Without the pictures, output all of the data exactly.

..........

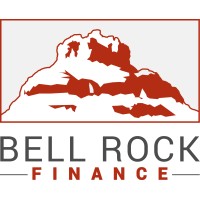 Bell Rock Finance Logo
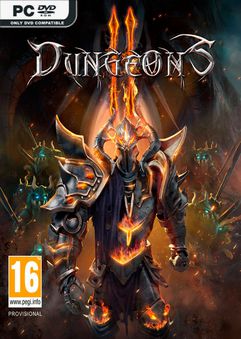 Dungeons 2 Complete Edition-PROPHET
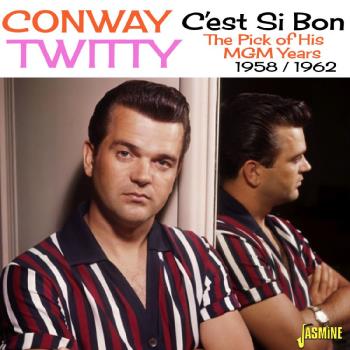 C`est Si Bon 1958-62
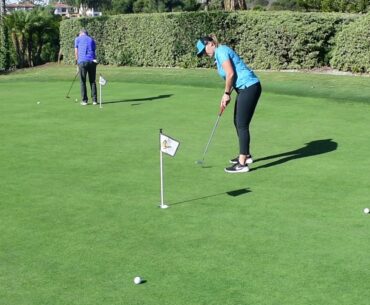 Monarch Beach Monday Mulligan - 15-Minute Warm-Up with Jackie #100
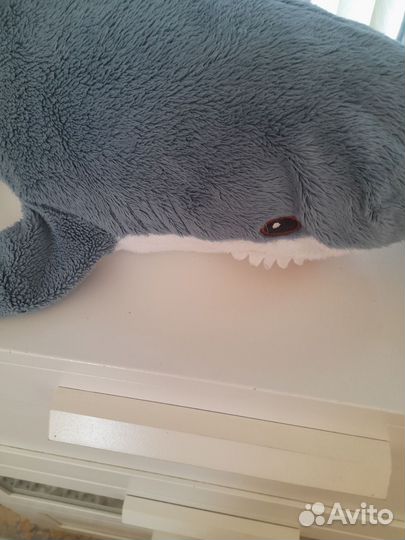 Игрушки из IKEA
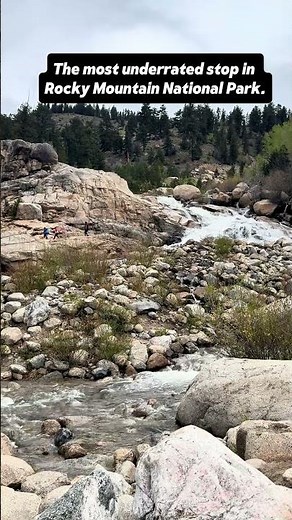 RMNP Alluvial Fan: A Must-See Easy Hike!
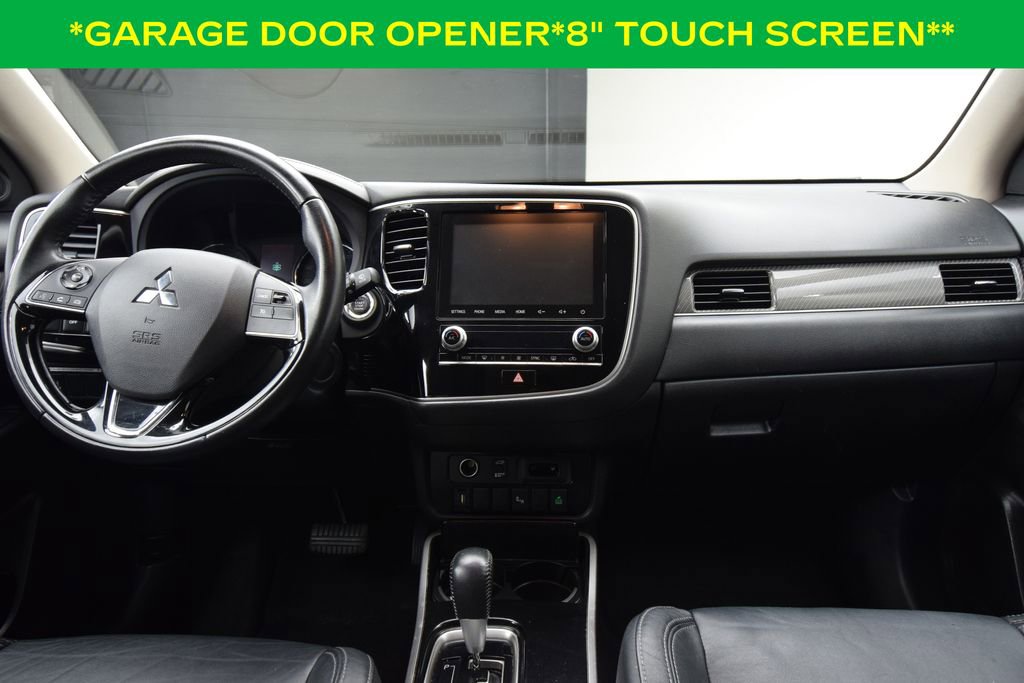 Used 2020 Mitsubishi Outlander SE image 4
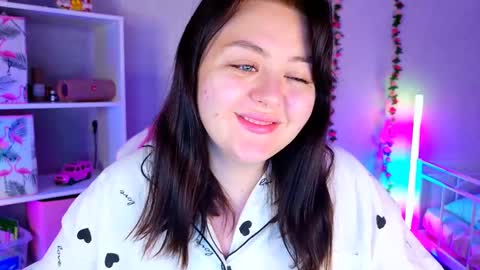 Snapshot of hornycakee chatting on March 3, 2025, 7:21 am HornyCakee online show from March 3, 2025, 7:21 am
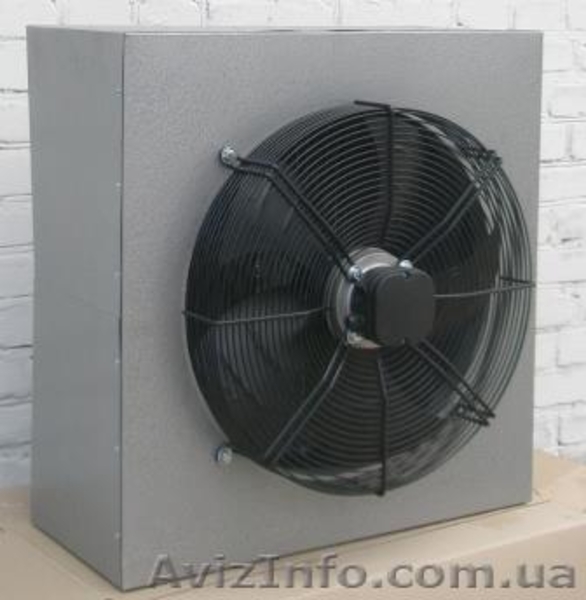 Фанкойлы АТОМ АВО-40 - <ro>Изображение</ro><ru>Изображение</ru> #3, <ru>Объявление</ru> #1178531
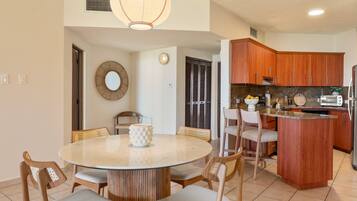 Departamento | 2 habitaciones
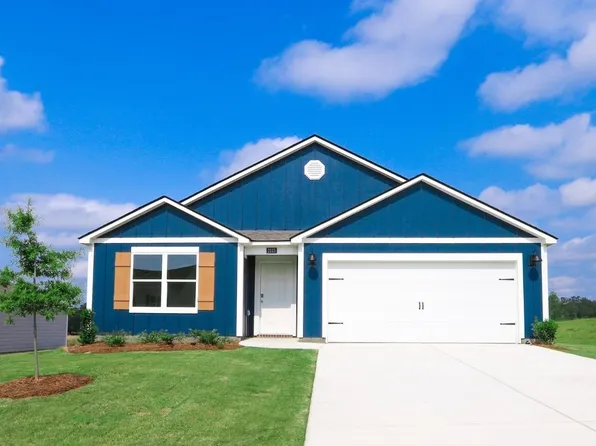 2115 Ogletree Pl, Pell City, AL 35125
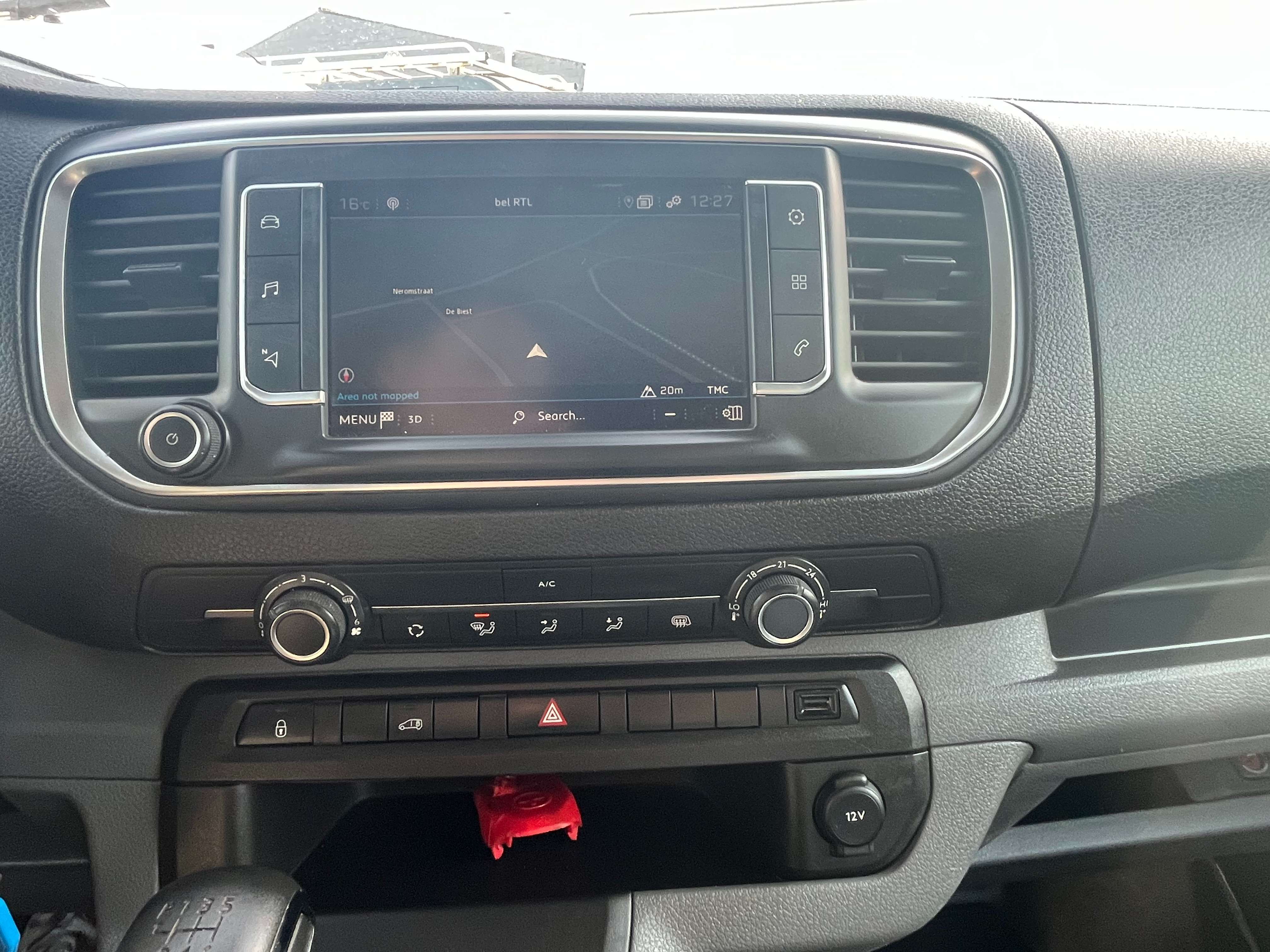 Peugeot Expert AIRCO 10.700€+BTW/TVA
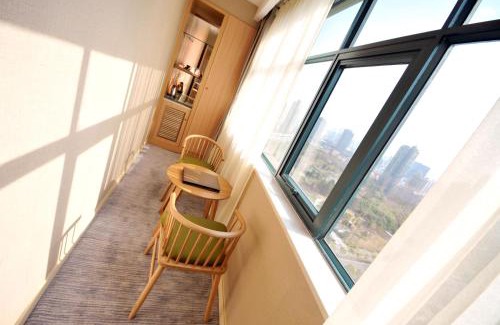 Gubei Hotel | Gubei Garden Hotel Shanghai Hongqiao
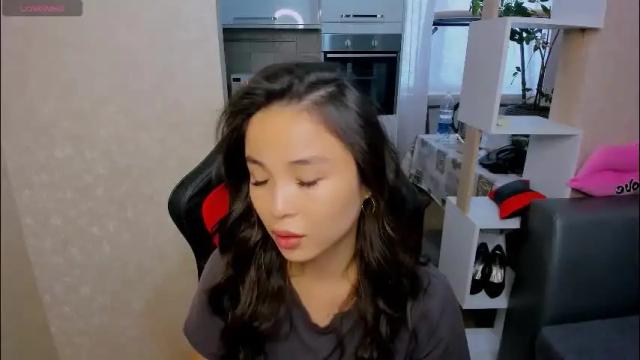 Thumbnail 1, aya_moon's Stream at Chaturbate, 27 days ago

..........

ANSWER TO THIS TASK>
 Bell Rock Finance Logo
 Dungeons 2 Complete Edition-PROPHET
 C`est Si Bon 1958-62
 Monarch Beach Monday Mulligan - 15-Minute Warm-Up with Jackie #100
 Игрушки из IKEA
 RMNP Alluvial Fan: A Must-See Easy Hike!
 Used 2020 Mitsubishi Outlander SE image 4
 Snapshot of hornycakee chatting on March 3, 2025, 7:21 am HornyCakee online show from March 3, 2025, 7:21 am
 Фанкойлы АТОМ АВО-40 - <ro>Изображение</ro><ru>Изображение</ru> #3, <ru>Объявление</ru> #1178531
 Departamento | 2 habitaciones
 2115 Ogletree Pl, Pell City, AL 35125
 Peugeot Expert AIRCO 10.700€+BTW/TVA
 Gubei Hotel | Gubei Garden Hotel Shanghai Hongqiao
 Thumbnail 1, aya_moon's Stream at Chaturbate, 27 days ago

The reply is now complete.